(Dataset entries)
****************************************
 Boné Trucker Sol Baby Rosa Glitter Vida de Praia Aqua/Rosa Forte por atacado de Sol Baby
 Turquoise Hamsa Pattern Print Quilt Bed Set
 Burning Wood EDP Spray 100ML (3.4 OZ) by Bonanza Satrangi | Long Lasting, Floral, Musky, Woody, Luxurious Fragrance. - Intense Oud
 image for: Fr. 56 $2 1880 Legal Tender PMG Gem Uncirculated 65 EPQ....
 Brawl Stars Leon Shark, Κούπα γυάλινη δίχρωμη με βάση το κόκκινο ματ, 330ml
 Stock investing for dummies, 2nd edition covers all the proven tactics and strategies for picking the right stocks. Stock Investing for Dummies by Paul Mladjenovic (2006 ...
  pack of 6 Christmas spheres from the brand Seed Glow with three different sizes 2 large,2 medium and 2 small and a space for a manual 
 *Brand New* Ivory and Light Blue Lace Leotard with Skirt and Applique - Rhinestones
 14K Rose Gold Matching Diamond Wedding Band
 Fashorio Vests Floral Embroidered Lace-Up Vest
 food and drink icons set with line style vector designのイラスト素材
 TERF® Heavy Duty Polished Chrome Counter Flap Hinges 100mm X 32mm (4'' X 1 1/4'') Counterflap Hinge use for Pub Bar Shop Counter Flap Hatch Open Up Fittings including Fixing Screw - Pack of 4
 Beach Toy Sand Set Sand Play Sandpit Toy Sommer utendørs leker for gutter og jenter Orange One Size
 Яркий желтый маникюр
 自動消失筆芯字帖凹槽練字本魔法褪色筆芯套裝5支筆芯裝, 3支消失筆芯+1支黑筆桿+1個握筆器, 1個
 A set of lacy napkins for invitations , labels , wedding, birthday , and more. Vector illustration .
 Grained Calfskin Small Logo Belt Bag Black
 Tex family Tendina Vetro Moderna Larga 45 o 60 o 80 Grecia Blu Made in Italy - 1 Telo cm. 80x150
****************************************
About this task:
What is needed is a full, exact copy of the records.

Final answer:
 Boné Trucker Sol Baby Rosa Glitter Vida de Praia Aqua/Rosa Forte por atacado de Sol Baby
 Turquoise Hamsa Pattern Print Quilt Bed Set
 Burning Wood EDP Spray 100ML (3.4 OZ) by Bonanza Satrangi | Long Lasting, Floral, Musky, Woody, Luxurious Fragrance. - Intense Oud
 image for: Fr. 56 $2 1880 Legal Tender PMG Gem Uncirculated 65 EPQ....
 Brawl Stars Leon Shark, Κούπα γυάλινη δίχρωμη με βάση το κόκκινο ματ, 330ml
 Stock investing for dummies, 2nd edition covers all the proven tactics and strategies for picking the right stocks. Stock Investing for Dummies by Paul Mladjenovic (2006 ...
  pack of 6 Christmas spheres from the brand Seed Glow with three different sizes 2 large,2 medium and 2 small and a space for a manual 
 *Brand New* Ivory and Light Blue Lace Leotard with Skirt and Applique - Rhinestones
 14K Rose Gold Matching Diamond Wedding Band
 Fashorio Vests Floral Embroidered Lace-Up Vest
 food and drink icons set with line style vector designのイラスト素材
 TERF® Heavy Duty Polished Chrome Counter Flap Hinges 100mm X 32mm (4'' X 1 1/4'') Counterflap Hinge use for Pub Bar Shop Counter Flap Hatch Open Up Fittings including Fixing Screw - Pack of 4
 Beach Toy Sand Set Sand Play Sandpit Toy Sommer utendørs leker for gutter og jenter Orange One Size
 Яркий желтый маникюр
 自動消失筆芯字帖凹槽練字本魔法褪色筆芯套裝5支筆芯裝, 3支消失筆芯+1支黑筆桿+1個握筆器, 1個
 A set of lacy napkins for invitations , labels , wedding, birthday , and more. Vector illustration .
 Grained Calfskin Small Logo Belt Bag Black
 Tex family Tendina Vetro Moderna Larga 45 o 60 o 80 Grecia Blu Made in Italy - 1 Telo cm. 80x150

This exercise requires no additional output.